In a turnabout from 2016, the National Log Cabin Republicans has endorsed Trump for re-election, asserting he “met his commitments” to LGBT people.
Robert Kabel and Jill Holman — who both are gay and serve as chair and vice chair of Log Cabin, respectively — announced the endorsement Thursday in an op-ed for the Washington Post.
“To be treated equally, fairly and justly under the law is our goal, and we know that ‘Inclusion Wins’ is a mantra we share with the president,” they write. “The Log Cabin Republicans endorse Donald Trump for re-election as president.”
The endorsement is a surprise for numerous reasons. For starters, critics have said the Trump administration is overwhelmingly hostile to LGBT rights.
The long list of grievances includes the transgender military ban, the exclusion of LGBT people from the enforcement of civil rights laws and actions undermining LGBT rights in the name of “religious freedom.”
Just this week, the Department of Labor announced a proposed rule that would undermine President Obama’s 2014 executive order against anti-LGBT workplace discrimination, allowing federal contractors to fire and refuse to hire LGBT employees by citing a religious objection.
Downplaying all that, the Log Cabin op-ed cites the Trump administration’s plan to beat the HIV epidemic by 2030, the global initiative to decriminalize homosexuality and the appointment of Richard Grenell, who’s gay, as U.S. ambassador to Germany.
“This is the party that Trump has helped make possible by moving past the culture wars that dominated the 1990s and early 2000s, in particular by removing gay rights as a wedge issue from the old Republican playbook,” Kabel and Homan write.
In conclusion, the op-ed acknowledges Log Cabin “do[es] not agree with every policy” of the Trump administration, making a reference to the transgender military ban.
“We are committed to letting all qualified Americans serve in the military, and Log Cabin Republicans was a leader in the legal fight to end the ‘Don’t Ask, Don’t Tell’ policy,” the op-ed says. “We oppose the transgender service restriction and will continue to press the administration to reconsider.”
Log Cabin declined in 2016 to endorse Trump.

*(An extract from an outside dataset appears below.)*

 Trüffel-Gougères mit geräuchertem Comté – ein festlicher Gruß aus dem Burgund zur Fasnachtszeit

The Republican presidential nominee never met with the LGBT group, which at time was a criterion for its support. (Log Cabin endorsed McCain in 2008 and Romney in 2012 after the candidates met with the organization.)
Charles Moran, a Log Cabin spokesperson, cited a lack of precedent for having an incumbent Republican in a office as a reason for Log Cabin going ahead with the endorsement decision without having met with the candidate.

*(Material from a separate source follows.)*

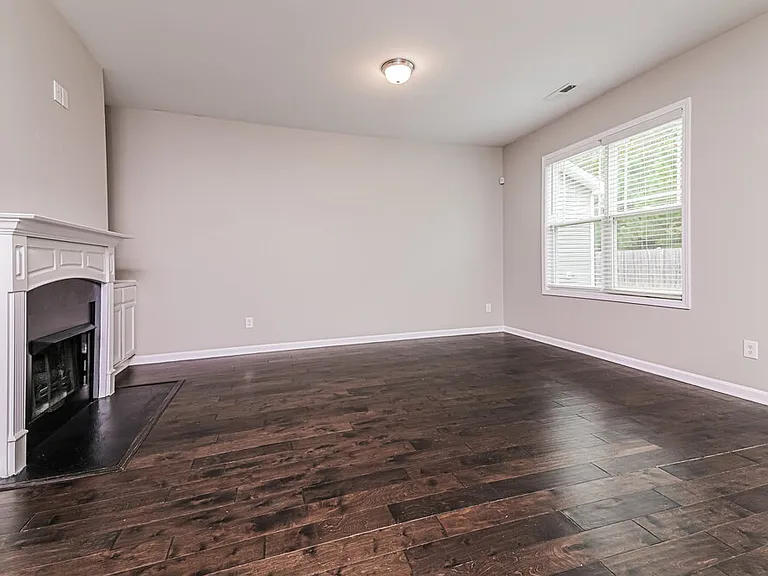 157 Golden Gate Pkwy — Photo 4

“We’ve not had a second term Republican president that Log Cabin has had the opportunity to endorse in quite some time,” Moran said. “2004 was the last time and we declined to endorse President Bush for re-election due to the constitutional ban on gay marriage he made a centerpiece of the campaign. So we really don’t have any president for a re-election to follow. We did meet with senior Trump campaign officials leading up to the endorsement to discuss our issues, and Log Cabin has met with Administration officials on an as-needed basis since he was elected.”
Strangely, the op-ed heavily cites the 2016 Republican National Convention, when Peter Thiel became the first speaker at a Republican National Convention to publicly declare he’s gay and Trump said he’d “protect LGBTQ people.” Kabel and Homan call it a “dream fulfilled.” In 2016, the convention had already taken place when Log Cabin made its endorsement decision, but decided at that time not to endorse Trump.
Absent from the op-ed is the name or signature of Jerri Ann Henry, who serves as executive director of Log Cabin. Moran attributed the absence of her name from the op-ed to the endorsement being a decision of the board, not staff leadership.
“The op-ed was signed by two board members,” Moran said. “Bob and Jill are also members of the RNC. Bob and Jill lead the Board and it was the board that voted to endorse Trump. It makes sense they would be the signatories on the op-ed.”
The announcement also comes as a surprise because Log Cabin usually waits until the Republican National Convention to make a endorsement decision. With the convention in Charlotte, N.C., more than a year away, Log Cabin makes a drastic departure from its usual practice.
Moran said Log Cabin broke its practice to make an endorsement decision at the time “because it makes sense to do so,” citing strong support among its chapters for the decision.
“The campaign and RNC are working hand in hand to build the best ground and digital operation in history, so our endorsement occurs sooner because we can maximize the impact by getting involved early,” Moran said. “We know there is no other viable alternative to challenge President Trump in the primary, and President Trump has earned our endorsement. Our chapters were overwhelmingly supportive of the early endorsement and they want to be involved. It made political and practical sense to do this now.”
Editor’s Note: This article has been updated with responses from Log Cabin Republicans.